The barriers to add few lines of utility code are really high. :)

> > > I would also suggest that QARRAY_CREATE doesn't need to
> > > exist as a macro - callers could just use the allocator
> > > function directly for clearer code, if it was changed to
> > > 
> > > return the ptr rather than use an out parameter:
> > >    void doSomething(int n) {
> > >    
> > >        g_autoptr(FooArray) foos = foo_array_new(n);
> > >        for (size_t i = 0; i < foos.len; ++i) {
> > >        
> > >            foos.data[i].i = i;
> > >            foos.data[i].s = calloc(4096, 1);
> > >            snprintf(foos.data[i].s, 4096, "foo %d", i);
> > >        
> > >        }
> > >    
> > >    }
> > > 
> > > For this it needs to pass 2 args into the DECLARE_QARRAY_TYPE
> > > macro - the struct name and desired method name - basically
> > > the method name is the struct name in lowercase with underscores.
> > 
> > As you can see with patch 2, one of the movations of making this a macro
> > was> 
> > the intention to increase strictness of type safety, e.g to make things 
like:
> > 	void *p;
> > 	...
> > 	QARRAY_CREATE(FooType, p, n);
> > 
> > to raise a compiler error immediately, but that's not all ...
> > 
> > > Overall I think the goal of having an convenient sized array for
> > > types is good, but I think we should make it look a bit less
> > > magic. I think we only need the DECLARE_QARRAY_TYPE and
> > > DEFINE_QARRAY_TYPE macros.
> > 
> > ... actually making it appear anything like magic was not my intention.
> > The
> > actual main reason for wrapping these things into macros is because that's
> > actually the only way to write generic code in C. Especially in larger
> > projects like this one I favour clear separation of API ("how to use it")
> > from its actual implementation ("how does it do it exactly").
> > 
> > So if you use macros for all those things from the beginning, it is far
> > less likely that you will need to refactor a huge amount of user code
> > with future changes of this array framework.
> 
> I can't see the array framework being complex enough that it will be
> changed in a way that invalidates existing usage.

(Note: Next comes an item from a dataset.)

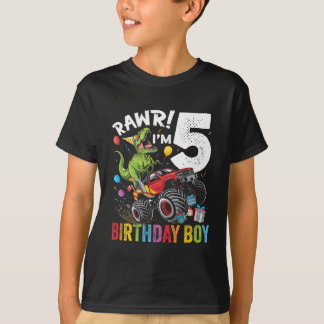 5th Birthday Boy Dinosaur Monster Gift T-Shirt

Well, there are some things that would come to my mind (e.g. strong vs. weak 
refs) , but I think for now my upper question is more important ATM, i.e. 
whether there is already something that does the job (right).

> > > Incidentally, I'd suggest naming to be QARRAY_DECLARE_TYPE
> > > and QARRAY_DEFINE_TYPE.
> > 
> > Also a matter of taste I guess. The suggested naming DECLARE_QARRAY_TYPE()
> > and DEFINE_QARRAY_TYPE() reflect more natural language IMO.
> 
> I consider the QEMU normal practice for namespacing types/macros/functions
> is to have the typename as the first component.
> 
> Regards,
> Daniel